CANADA FX DEBT-C$ hits 2-month low as December data disappoints

 (Adds strategist quotes and details throughout; updates prices)
    * Canadian dollar at C$1.2713, or 78.66 U.S. cents
    * Loonie touches its weakest since Dec. 22 at C$1.2760
    * Bond prices rise across the yield curve
    * Canada-U.S. 2-year spread touches its widest since June 14

    By Fergal Smith
    TORONTO, Feb 22 (Reuters) - The Canadian dollar weakened to
a two-month low against its U.S. counterpart on Thursday after a
surprise drop in domestic retail sales supported expectations
for the Bank of Canada to leave interest rates on hold next
month.
    At 4:00 p.m. EST (2100 GMT), the Canadian dollar         
was trading 0.1 percent lower at C$1.2713 to the greenback, or
78.66 U.S. cents.
    The currency's strongest level of the session was C$1.2670,
while it touched its weakest since Dec. 22 at C$1.2760.
    Canadian retail sales fell by 0.8 percent in December from
November as a pullback at electronics stores offset higher
purchases of new cars, Statistics Canada said.
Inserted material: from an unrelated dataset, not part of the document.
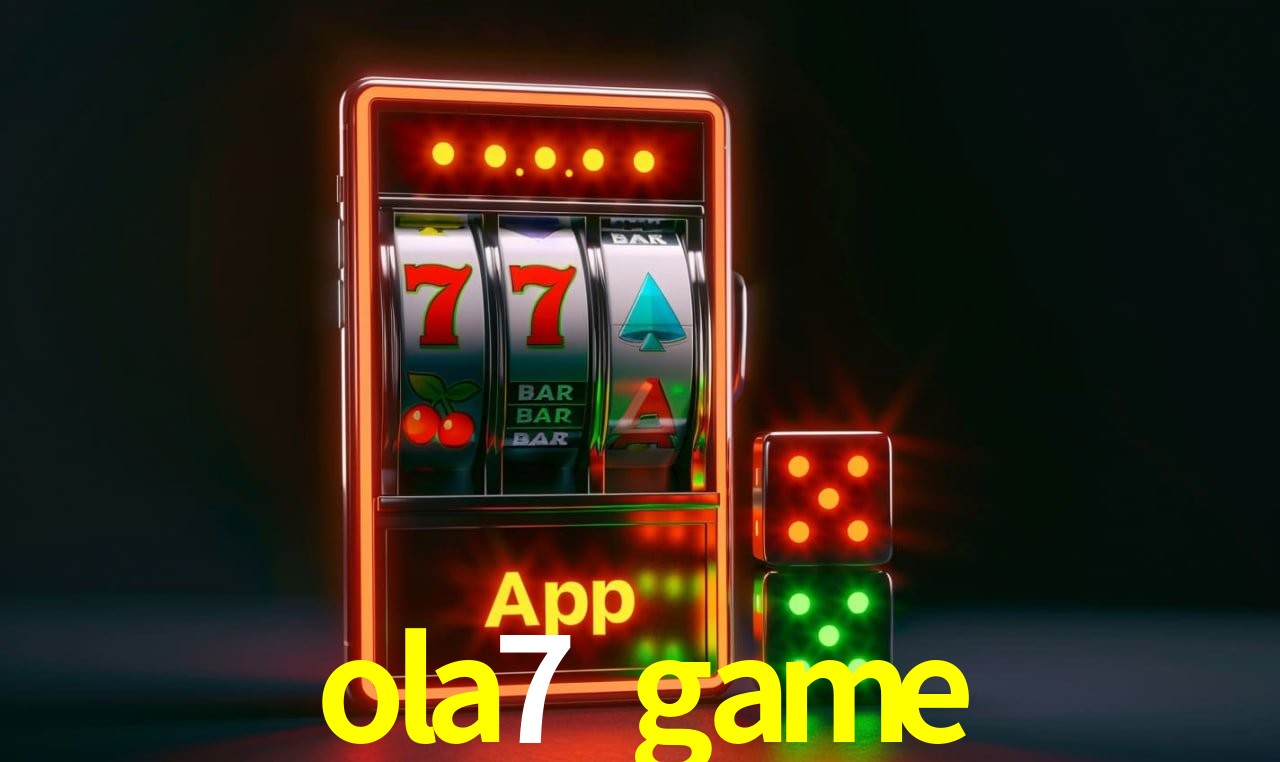 Casino Ao Vivo ola7 game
Analysts had
forecast an increase of 0.2 percent.             
    That followed recent data showing manufacturing sales and
wholesale trade also dropped in December.
    "The numbers have been slightly softer but that has been
consistent with the view that the BoC has had that things would
slow down at the end of the second half of the year," said
Alvise Marino, a foreign exchange strategist at Credit Suisse in
New York.
    The Bank of Canada expects growth to slow to a 2.2 percent
pace in 2018 after a projected 3.0 percent in 2017.
    The central bank raised interest rates in January for the
third time since July. But money markets expect the benchmark
rate to be left unchanged at 1.25 percent when the bank makes
its next rate decision on March 7.           
    "Risk assets have turned a lot more uncertain, and the
Canadian dollar tends to be pretty strongly correlated to risk
assets," Marino said.    
    The loonie has fallen 3.5 percent since stocks on Wall
Street lurched lower earlier this month.    
    The price of oil, one of Canada's major exports, was boosted
by data showing a surprise draw in U.S. crude inventories. U.S.
crude        prices settled 1.8 percent higher at $62.77 a
barrel.             
    Canadian government bond prices were higher across the yield
curve, with the two-year            up 9.5 Canadian cents to
yield 1.8 percent and the 10-year             rising 42 Canadian
cents to yield 2.301 percent.
    The gap between Canada's 2-year yield and its U.S.
equivalent widened by 3.2 basis points to a spread of -45.4
basis points, its widest since June 14.    
    Canada's inflation report for January is due on Friday.